L’”Antigone”, nel contrapporre il diritto positivo al diritto naturale, anticipa di circa duemila anni il dibattito che nel 1.600 infiammerà l’Europa, introdotto dai giusnaturalisti come Rousseau, secondo cui la legge dello Stato può essere trasgredita se, violando il patto tra i consociati, ne lede i diritti naturali. Dibattito quantomai attuale nei giorni che viviamo, in cui si pone in modo drammatico il tema del rapporto tra individuo (che rivendica diritti fondamentali e, poteremmo dire, naturali, perché gli competono per nascita e non in quanto oggetto di concessione dell’Autorità) e Stato (che impone doveri, al punto di conculcare i diritti naturali in nome di un interesse superiore).
A ben vedere la figura di Antigone, al di là della simpatia che suscita nel lettore perché incarna l’ideale del ribelle, presenta anche delle ombre: a sua volta, infatti, non è meno estremista e radicale, nelle sue posizioni, rispetto allo zio tiranno. Semplicemente, i due parlano due linguaggi diversi e non possono comprendersi tra loro.
La soluzione, forse, ce la offre – inascoltato – un personaggio apparentemente secondario, ma che Sofocle sembra prediligere rispetto alla stessa eroina della tragedia. Si tratta di Emone, figlio di Creonte e promesso sposo di Antigone, che, nel tentativo di indurre il padre a desistere dal dare esecuzione al proprio editto, lo invita ad essere ragionevole: “Padre, la ragione è il bene più alto che gli dei abbiano concesso all’uomo”. E il coro, sempre presente durante lo svolgersi della tragedia, gli fa eco: “La saggezza è la prima condizione della felicità”. La saggezza, dunque, come filtro per applicare la legge, divina o umana che sia.
L’”Antigone” di Sofocle presenta molte altre chiavi di lettura, che peraltro ruotano sempre attorno alla apparente inconciliabilità degli opposti. Ce ne parla Hegel nella “fenomenologia dello Spirito”.
Per Hegel Antigone rappresenta il femminile contrapposto al maschile rappresentato da Creonte. Il femminile, che genera, è custode della vita e si prende cura della famiglia.
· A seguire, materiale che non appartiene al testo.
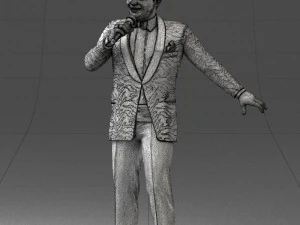 000118 Singer 0202 3dp 3D Print Model
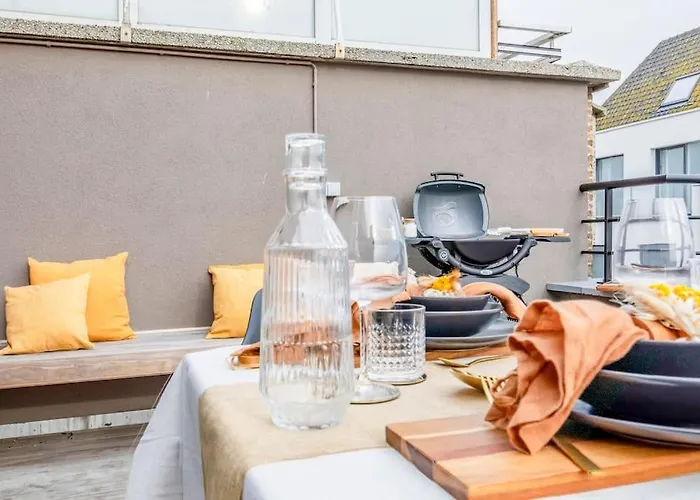 Διαμέρισμα Nest - Your Cosy Penthouse Οστένδη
La legge divina, scrive il filosofo, “ha la sua individualizzazione nella femmina”. Il maschile, invece, è responsabile della comunità, la sua dimensione è quella collettiva e si preoccupa di dare la legge agli uomini. Questa tensione tra opposti da luogo al conflitto tra famiglia e comunità (o governo) e tra femmina e maschio, e di questo conflitto ci parla la tragedia di Sofocle secondo Hegel. Nella tragedia dell’”Antigone” la vittoria sembra andare al maschile, quindi allo Stato, ma è un inganno perché in realtà la trasgressione all’Ordine (inteso come legge divina) di cui il femminile è custode, porterà alla rovina di Creonte.